Shushwa crouched down to examine the earth. He could see his own hoofprints. He had been here, but was not here now. He looked for blood, but found none. The hoofprints, however, continued on, back in the direction they had come.
Shushwa’s heart beat faster. Perhaps he had not become the hunter. Perhaps the hunter and I have only switched.
Yes, that must be it. The human man was now in his own body, himself becoming accustomed to the keenness of Shushwa’s own nose and ears. This, Shushwa decided, was not what happened when a human shot a deer. He had known bucks who had been shot, and they did not come back with human spirits in them.
The human must not have fired his rifle. Something else must have happened. Shushwa did not know what, but something had passed between them and they switched. The other hunter, the angry one, had missed with his shot, and he—no, Virgil; the other man had called him Virgil—Virgil in Shushwa’s body had managed to run away.
Shushwa sat and tilted his head up to face the rain. He sat, unsure what to do. His heart wanted to plunge on into the wood, to look for Ashvinh and Weshah. But even if he could find them, they would not know him. They would fear him in Virgil’s body, and they would only run away as he himself had taught them.
Worse, his mate and son would be expecting Virgil to lead them. But Virgil would not know where to go, what to do. Shushwa wished, harder than he had ever wished anything, that Virgil understood what was happening and would do his best to take Shushwa’s place.
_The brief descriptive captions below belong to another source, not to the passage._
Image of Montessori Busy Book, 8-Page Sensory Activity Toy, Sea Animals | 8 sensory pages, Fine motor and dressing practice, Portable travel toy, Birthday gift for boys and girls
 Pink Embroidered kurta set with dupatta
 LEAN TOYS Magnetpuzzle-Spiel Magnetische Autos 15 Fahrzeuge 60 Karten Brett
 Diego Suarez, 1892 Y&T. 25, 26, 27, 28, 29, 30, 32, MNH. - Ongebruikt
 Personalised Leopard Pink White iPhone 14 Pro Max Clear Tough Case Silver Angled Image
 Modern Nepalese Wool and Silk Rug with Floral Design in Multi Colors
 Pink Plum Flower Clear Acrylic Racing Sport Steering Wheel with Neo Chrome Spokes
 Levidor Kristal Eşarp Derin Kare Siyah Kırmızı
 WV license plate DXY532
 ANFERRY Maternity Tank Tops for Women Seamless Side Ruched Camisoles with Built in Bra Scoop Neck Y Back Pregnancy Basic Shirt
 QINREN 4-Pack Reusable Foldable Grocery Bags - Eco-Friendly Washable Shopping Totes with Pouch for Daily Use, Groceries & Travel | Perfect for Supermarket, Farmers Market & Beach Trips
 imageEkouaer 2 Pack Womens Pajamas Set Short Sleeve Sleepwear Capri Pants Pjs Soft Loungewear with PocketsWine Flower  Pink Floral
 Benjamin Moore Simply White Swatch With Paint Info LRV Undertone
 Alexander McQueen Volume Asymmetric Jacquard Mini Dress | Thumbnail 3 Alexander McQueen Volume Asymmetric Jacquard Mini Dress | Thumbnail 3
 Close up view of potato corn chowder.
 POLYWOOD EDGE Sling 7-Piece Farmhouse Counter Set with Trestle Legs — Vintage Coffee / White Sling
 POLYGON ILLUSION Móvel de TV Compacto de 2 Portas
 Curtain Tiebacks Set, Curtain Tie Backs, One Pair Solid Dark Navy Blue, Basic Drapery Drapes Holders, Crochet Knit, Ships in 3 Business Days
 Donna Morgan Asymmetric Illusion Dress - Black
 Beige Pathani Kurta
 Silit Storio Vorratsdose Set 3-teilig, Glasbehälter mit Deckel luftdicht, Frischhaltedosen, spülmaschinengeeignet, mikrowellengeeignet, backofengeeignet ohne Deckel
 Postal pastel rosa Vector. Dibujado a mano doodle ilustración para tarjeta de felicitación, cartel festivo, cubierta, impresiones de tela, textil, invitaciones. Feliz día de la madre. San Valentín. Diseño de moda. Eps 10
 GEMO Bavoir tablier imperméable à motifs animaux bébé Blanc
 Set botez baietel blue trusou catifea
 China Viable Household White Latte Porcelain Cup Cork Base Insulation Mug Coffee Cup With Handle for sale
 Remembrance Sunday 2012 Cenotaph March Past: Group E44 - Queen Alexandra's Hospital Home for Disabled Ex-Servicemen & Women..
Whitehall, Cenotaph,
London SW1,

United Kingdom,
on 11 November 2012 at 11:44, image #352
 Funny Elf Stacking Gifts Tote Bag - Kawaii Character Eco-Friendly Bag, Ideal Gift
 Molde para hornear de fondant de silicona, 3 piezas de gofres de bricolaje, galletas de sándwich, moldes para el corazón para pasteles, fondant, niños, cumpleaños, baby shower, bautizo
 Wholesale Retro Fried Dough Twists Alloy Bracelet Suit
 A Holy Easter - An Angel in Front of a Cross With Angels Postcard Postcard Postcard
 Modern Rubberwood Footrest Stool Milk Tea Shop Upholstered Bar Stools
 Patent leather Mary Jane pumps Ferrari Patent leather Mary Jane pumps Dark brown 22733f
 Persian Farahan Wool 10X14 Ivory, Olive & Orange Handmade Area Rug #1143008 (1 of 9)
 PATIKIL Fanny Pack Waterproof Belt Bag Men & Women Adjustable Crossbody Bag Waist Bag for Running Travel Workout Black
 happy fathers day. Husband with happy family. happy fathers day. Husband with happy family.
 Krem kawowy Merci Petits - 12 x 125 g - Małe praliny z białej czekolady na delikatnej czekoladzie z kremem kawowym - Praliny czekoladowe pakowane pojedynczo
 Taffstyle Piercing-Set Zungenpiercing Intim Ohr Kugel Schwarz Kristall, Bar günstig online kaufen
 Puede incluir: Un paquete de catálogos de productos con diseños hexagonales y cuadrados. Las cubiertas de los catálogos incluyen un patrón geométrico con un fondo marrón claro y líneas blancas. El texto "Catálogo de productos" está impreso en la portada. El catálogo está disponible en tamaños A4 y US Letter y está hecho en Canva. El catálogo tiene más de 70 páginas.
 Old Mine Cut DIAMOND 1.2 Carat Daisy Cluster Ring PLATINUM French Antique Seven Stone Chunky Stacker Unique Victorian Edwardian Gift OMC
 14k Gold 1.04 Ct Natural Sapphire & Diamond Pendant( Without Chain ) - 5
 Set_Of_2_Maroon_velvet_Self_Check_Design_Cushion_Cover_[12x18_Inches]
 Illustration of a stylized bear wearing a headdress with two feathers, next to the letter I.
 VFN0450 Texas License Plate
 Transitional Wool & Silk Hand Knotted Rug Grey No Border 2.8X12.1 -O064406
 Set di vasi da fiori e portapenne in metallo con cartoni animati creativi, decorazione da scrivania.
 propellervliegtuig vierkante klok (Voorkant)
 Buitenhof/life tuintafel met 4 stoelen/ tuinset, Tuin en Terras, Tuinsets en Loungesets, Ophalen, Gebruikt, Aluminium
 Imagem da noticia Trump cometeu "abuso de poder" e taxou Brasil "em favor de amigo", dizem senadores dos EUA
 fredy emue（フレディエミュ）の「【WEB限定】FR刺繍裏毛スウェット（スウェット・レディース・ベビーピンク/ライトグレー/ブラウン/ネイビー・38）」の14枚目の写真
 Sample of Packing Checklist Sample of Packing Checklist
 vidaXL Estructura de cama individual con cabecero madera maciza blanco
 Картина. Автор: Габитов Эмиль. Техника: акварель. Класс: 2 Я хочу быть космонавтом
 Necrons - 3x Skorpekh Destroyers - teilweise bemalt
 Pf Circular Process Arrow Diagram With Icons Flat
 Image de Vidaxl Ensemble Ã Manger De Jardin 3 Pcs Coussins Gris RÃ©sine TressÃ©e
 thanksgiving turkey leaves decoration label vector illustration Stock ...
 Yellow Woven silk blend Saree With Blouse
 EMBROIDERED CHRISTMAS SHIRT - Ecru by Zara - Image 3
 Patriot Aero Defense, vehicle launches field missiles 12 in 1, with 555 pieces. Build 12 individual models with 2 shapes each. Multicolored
The rain began to overcome Virgil’s clothes, soaking through to his skin and making him shiver. Well. He had done as the angry man had commanded. He had looked for his body, but it was not there. He was not himself, but he wasn’t Virgil, either.
Still, he knew he couldn’t stay in the woods, no matter how much it felt like home. Humans weren’t built for it. There was little for him to do but go back. If Virgil was to take Shushwa’s place, then Shushwa too must do his best to take Virgil’s.
 
 

 

Shushwa reached the humans’ truck, writhing at the unpleasant feel of the wet cloth against his hairless skin. He stood for a moment, staring at the other man sitting in the truck, before it came to him that he was supposed to sit on the other side. He stood dumbly in front of the door until it came to him how to grasp the handle, push the shiny chrome button with his… thumb, and pull. Such a complicated process, and Shushwa wondered if he could make his floppy pink hands work that way.
It took three tries to open the door. The other man stared at him the whole time through narrow eyes.
“Took yer time.” The other man glared at him as Shushwa got into the truck. He had to move some smooth round things—empties—off the seat before he could take his place.
“Sorry, Grizz.” It came to him that the other man liked to be called Grizz, and that this would be a good time to change the subject. “No blood, just hoofprints runnin’ off.”
“Well, Virgil, ya done screwed that up pretty good, but we’ll get ‘em next time. Sorry for beatin’ on ya, boy.”
Shushwa knew he was supposed to say something about that. He was supposed to offer forgiveness. “It’s all right, Grizz. I had it comin’.”  He also knew Grizz wasn’t sorry.
“Damn right you did. Well, let’s get on back to the truck. Molly’s sure gonna give us hell for comin’ back empty handed, though.”
Shushwa knew that was a lie. Grizz started the engine and the truck rumbled. Backing the truck out onto a dirt road, he drove off.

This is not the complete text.